> [YOUR INSTRUCTIONS]:
Copy word for word the lines of the records below, beginning at the one with "T-shirt à col" and finishing at the one with "Method 3 Set", ends included, but none of the pictures.

> [DATA FOR ANALYSIS]:
* * * *

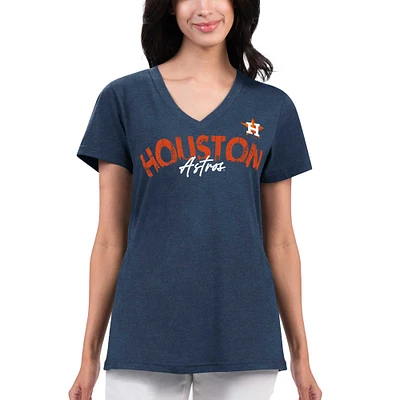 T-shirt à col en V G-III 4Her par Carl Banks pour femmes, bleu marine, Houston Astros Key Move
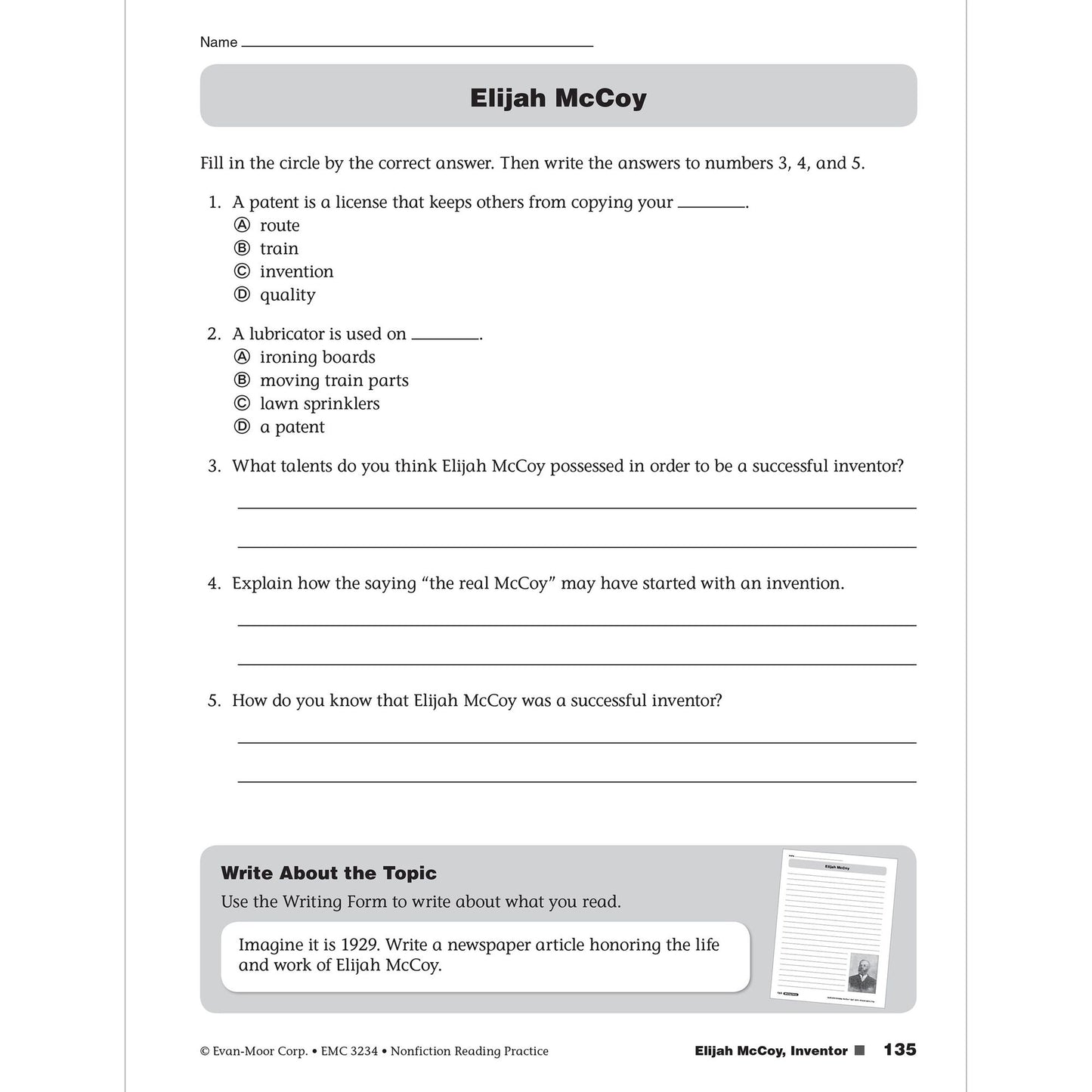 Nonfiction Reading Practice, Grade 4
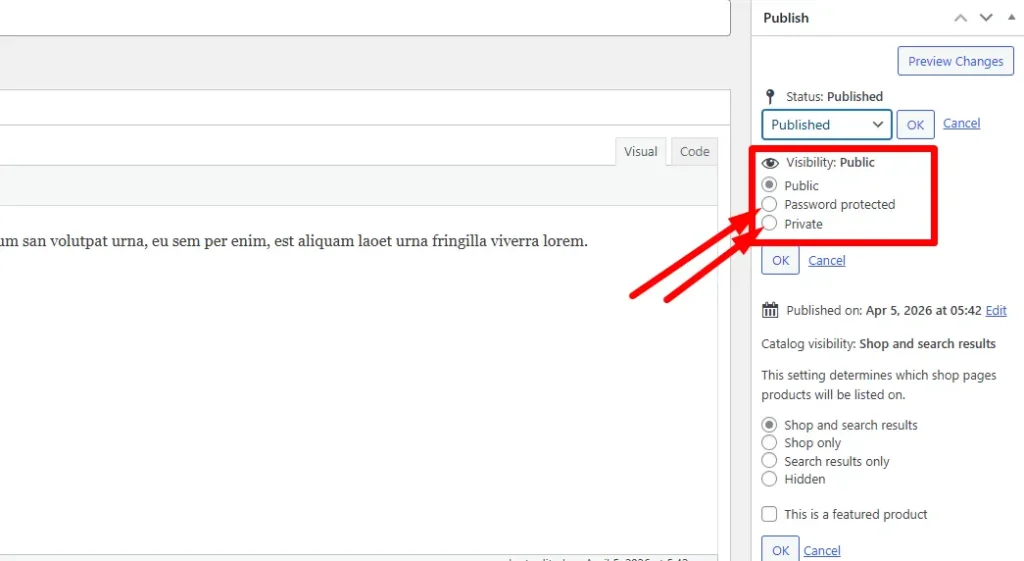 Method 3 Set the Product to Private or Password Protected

* * * *

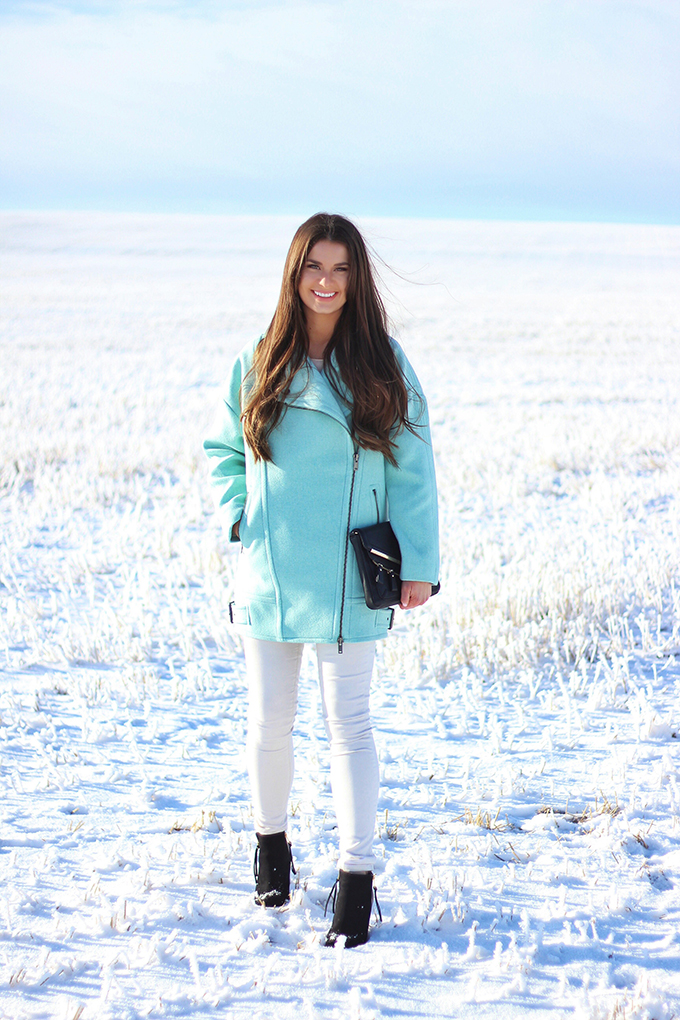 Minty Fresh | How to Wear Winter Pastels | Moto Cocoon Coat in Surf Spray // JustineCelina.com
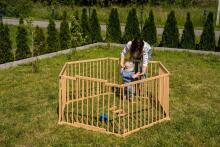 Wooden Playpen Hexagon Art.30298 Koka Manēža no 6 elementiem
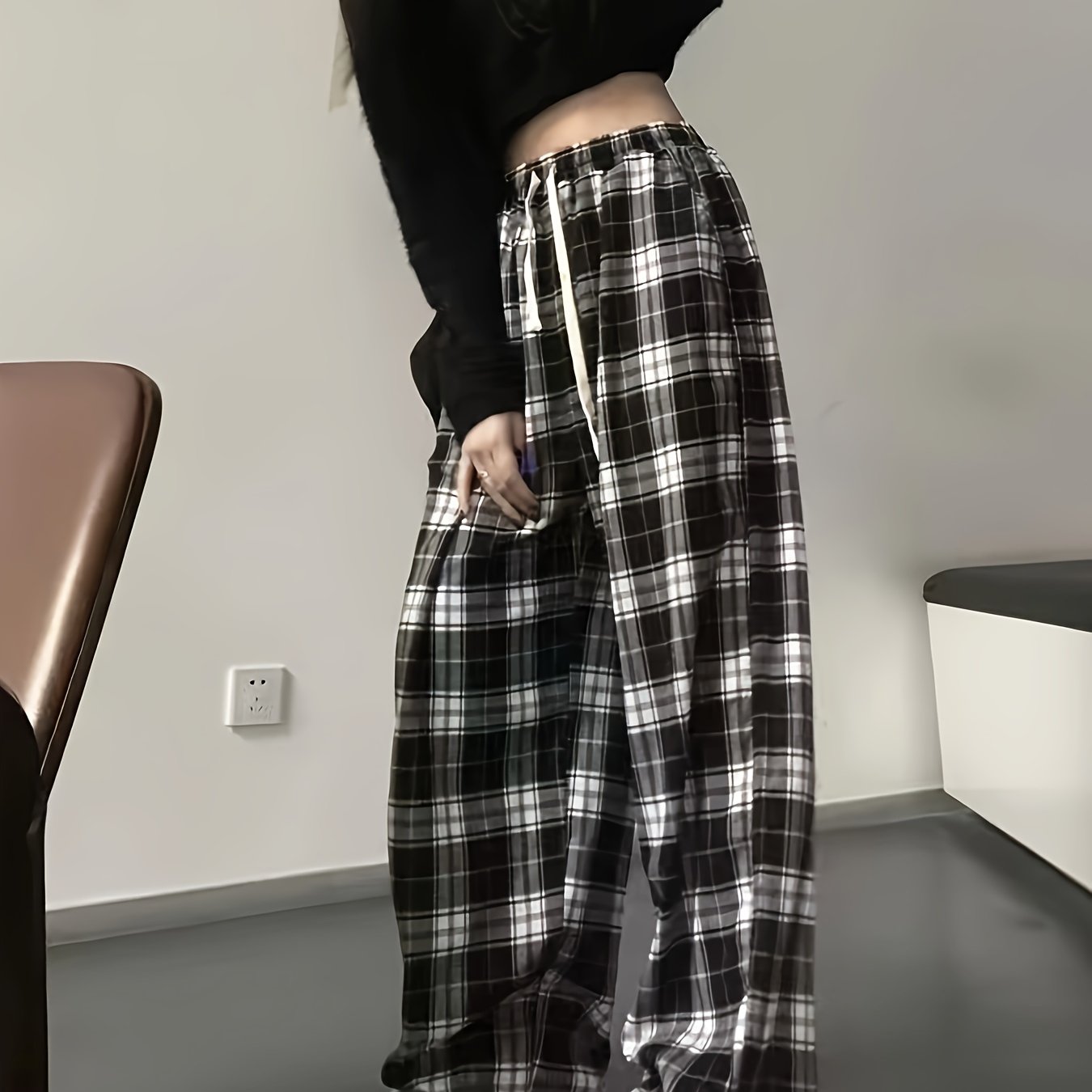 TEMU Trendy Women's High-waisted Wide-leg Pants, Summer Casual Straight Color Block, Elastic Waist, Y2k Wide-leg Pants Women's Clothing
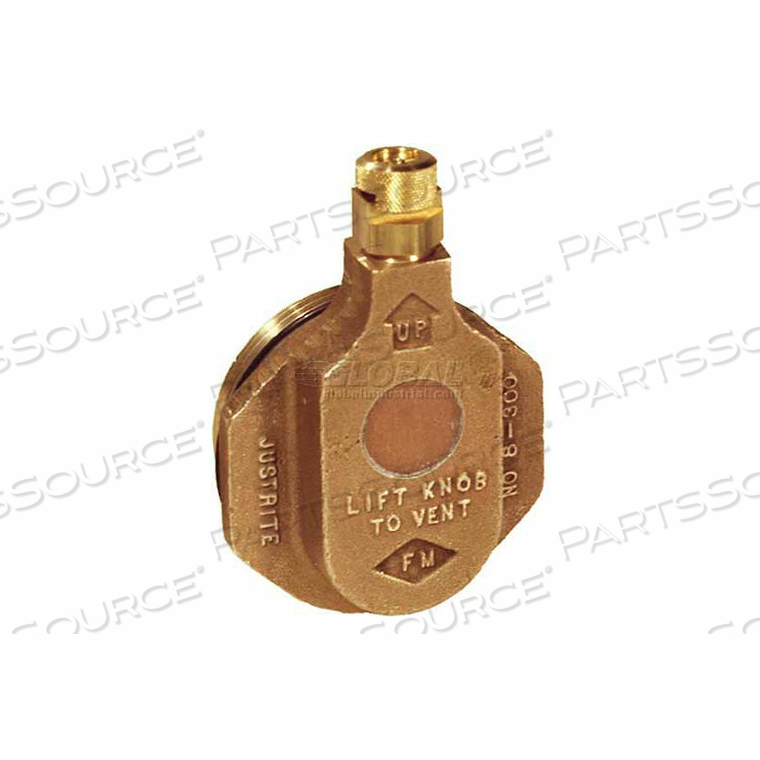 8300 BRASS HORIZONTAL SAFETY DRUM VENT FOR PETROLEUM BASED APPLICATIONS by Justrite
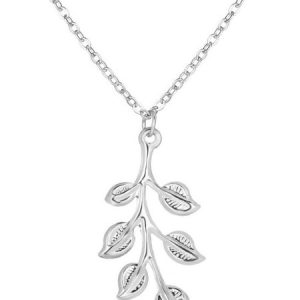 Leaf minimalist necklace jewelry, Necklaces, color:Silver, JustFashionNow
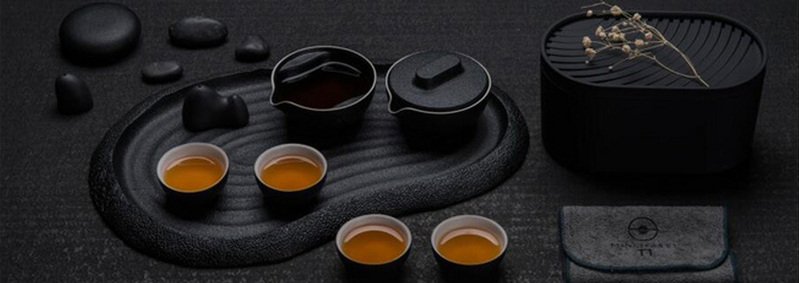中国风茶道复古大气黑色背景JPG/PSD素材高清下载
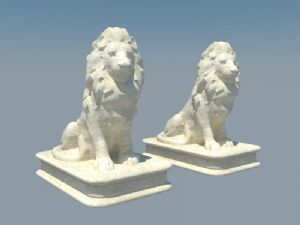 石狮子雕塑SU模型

* * * *

> [COMPLETED EXERCISE]:
 T-shirt à col en V G-III 4Her par Carl Banks pour femmes, bleu marine, Houston Astros Key Move
 Nonfiction Reading Practice, Grade 4
 Method 3 Set the Product to Private or Password Protected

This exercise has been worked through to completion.